_PROMPT:_
Say how many lines of the listing below include the string "tile" and add nothing else.
*** Opening THE DATA ***
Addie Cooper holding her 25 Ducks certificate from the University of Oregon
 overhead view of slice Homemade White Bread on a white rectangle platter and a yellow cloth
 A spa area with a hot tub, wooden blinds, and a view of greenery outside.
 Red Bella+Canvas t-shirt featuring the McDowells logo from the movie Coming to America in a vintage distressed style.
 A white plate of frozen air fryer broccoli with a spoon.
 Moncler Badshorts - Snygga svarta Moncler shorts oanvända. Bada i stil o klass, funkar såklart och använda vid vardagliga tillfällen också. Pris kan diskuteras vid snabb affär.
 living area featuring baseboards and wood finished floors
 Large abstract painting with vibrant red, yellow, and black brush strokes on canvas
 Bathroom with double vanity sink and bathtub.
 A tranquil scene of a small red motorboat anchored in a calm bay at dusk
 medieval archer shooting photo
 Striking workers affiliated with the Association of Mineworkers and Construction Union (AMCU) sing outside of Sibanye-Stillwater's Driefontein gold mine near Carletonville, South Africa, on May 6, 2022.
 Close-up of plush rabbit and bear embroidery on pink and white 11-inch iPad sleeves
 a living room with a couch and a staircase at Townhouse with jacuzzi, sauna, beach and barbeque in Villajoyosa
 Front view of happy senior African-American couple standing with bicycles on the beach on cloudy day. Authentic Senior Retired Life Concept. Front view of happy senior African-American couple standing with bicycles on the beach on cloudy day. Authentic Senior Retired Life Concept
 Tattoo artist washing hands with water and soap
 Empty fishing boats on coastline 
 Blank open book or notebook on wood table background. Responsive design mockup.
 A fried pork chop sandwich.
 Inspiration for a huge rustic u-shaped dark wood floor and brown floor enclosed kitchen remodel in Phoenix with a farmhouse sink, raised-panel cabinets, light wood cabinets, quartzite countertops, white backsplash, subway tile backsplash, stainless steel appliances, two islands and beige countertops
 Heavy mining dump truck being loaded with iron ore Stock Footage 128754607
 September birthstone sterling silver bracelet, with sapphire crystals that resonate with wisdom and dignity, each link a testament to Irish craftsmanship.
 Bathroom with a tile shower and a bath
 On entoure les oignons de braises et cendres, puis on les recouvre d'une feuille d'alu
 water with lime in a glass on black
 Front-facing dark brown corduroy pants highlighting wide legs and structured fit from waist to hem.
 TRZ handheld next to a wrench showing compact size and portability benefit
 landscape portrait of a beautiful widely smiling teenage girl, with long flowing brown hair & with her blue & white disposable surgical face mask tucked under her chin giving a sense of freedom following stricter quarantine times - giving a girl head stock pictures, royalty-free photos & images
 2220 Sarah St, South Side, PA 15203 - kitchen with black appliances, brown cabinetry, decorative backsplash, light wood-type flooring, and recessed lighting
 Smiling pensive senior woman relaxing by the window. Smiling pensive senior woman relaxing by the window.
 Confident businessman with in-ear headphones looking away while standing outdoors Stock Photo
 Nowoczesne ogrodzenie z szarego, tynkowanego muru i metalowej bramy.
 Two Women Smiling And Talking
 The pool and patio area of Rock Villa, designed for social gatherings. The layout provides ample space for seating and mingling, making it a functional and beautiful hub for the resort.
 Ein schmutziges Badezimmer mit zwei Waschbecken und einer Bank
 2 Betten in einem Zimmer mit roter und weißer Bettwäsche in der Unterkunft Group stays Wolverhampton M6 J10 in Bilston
*** Closing THE DATA ***
_WRITTEN REPLY:_
2